Keeping Faith and Reading Kafka

The first order of business, however, was moving to Greifswald, finding an apartment, and getting started at the university. When we called the mission home in Berlin to inquire about the nearest congregation, we were surprised to learn there was actually a branch in Greifswald. We found a city map and made our way to the address we'd been given. The rented hall was not crowded. Counting ourselves, we numbered thirteen, yet among that tiny band was a young man, recently called to teach Gospel Doctrine, who from his tone and copious preparation, struck us as someone who just might have heard of Die Betrachtungen, might even have seen it.

After the meeting, my wife and I approached him and I asked him if he knew of the publication. He looked at me very strangely, and I hastened to reassure him that the journal, as I understood it, was an outlet for thoughtful writing about our faith. I was curious and had some questions and would just very much like to get in touch with the editor. His look didn't change. After a moment he said, "My name is Jörg Dittberner. I am the editor of Die Betrachtungen." All three of us were stunned. He was, in fact, not from Greifswald, but from a very large university city in the west of the country. The federal government had assigned him to this remote town to serve a brief internship for his teaching degree. I, in turn, had arranged my grant residency through a professional connection in America. Moreover, I'd had to defer our visit for a year. There was a very brief window of time during which our paths might have crossed. Yet in a country the size of Montana with more than 80 million inhabitants and 36,000 LDS, on our very first visit to church, in a minuscule branch in this remote corner of the former Soviet Zone, we were encountering the very Mormon we most wanted to meet. It was a coincidence of such improbable magnitude as to give even a hardcore skeptic pause. It was also a gift that would anchor our happy encounter with the German church and lead to the very exchanges we had so hoped for.

Beyond these matters of sanctuary and of miracle, there is, I think, yet one more good reason, perhaps the most important one, for continuing, in effect, to proselytize a stone: the intractable and always unfinished business of humility. I remember being told once by a bishop's wife in New Jersey that it had stunned her and shaken her faith to discover that her non-member neighbors were such decent people. It violated the understanding of the world she had acquired growing up in Idaho. How could people be so dauntingly good without the gospel? According to a recent survey, 61 percent of Americans believe it is necessary to believe in God in order to live a moral life, yet among journalists, whose job it is to track and report on human behavior, the proportion who believe this drops to 9 percent. In the latter statistic, one suspects, ideology has been tempered by grim experience. We might easily ask how people can be decent and forthright and principled, not only without religion, but often in their resolve to resist it. The uncomfortable truth is, the world has often found itself better off for its heretics.

In 1961, Elder Henry D. Moyle traveled throughout Europe, visiting missions. At a conference in Hamburg, he spoke for more than four hours, a talk that inspired me, a talk that would now be unthinkable.

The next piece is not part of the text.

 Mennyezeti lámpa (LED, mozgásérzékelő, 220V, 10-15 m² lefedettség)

After promising, in what I would later come to recognize as missionary boilerplate, that if we worked harder, studied longer, made ourselves more receptive to the Spirit, we would baptize, he continued on with a truly exceptional question. "You want to teach the German people something about life and religion," he said, shaking his head, "but what do you know about these people? How many of you have read anything by Johann Wolfgang Goethe?" There were more than two hundred missionaries in that room. Not a single hand went up. "How many have read Friedrich Schiller?" No one. "Gotthold Ephraim Lessing? Immanuel Kant? Friedrich Nietzsche?" We sat chastened and silent. He stared at us glumly. "The German people have a thousand years of history and culture. How do you think you are going to talk to them, get to their hearts and minds, when you know nothing about them?"

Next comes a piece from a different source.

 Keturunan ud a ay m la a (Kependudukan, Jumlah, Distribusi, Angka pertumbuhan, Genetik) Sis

It seemed to me then a crucial question, and I hurried back to the small city of my first assignment, going straight to a bookstore. "I've got to read something basic and important in German literature," I told the clerk. "Where do I start? What do you recommend?" The young man thought a while then handed me a thin paperback book, one that looked as though I might manage it. He assured me it was important. As a new missionary, I resolved to make it a staple in my daily regimen, and following language study, scripture study, and the endless memorizing of lessons, I found myself thumbing back and forth through Cassell's German-English Dictionary and slowly reading Franz Kafka's The Trial. Such reading is forbidden to missionaries today, and to me, then, it was surely disquieting. Like all of Kafka's writing, the book's core is religious, but it narrates a nightmare gospel in which all revelation is profane and condemnatory and religion provides the precise antithesis to comfort.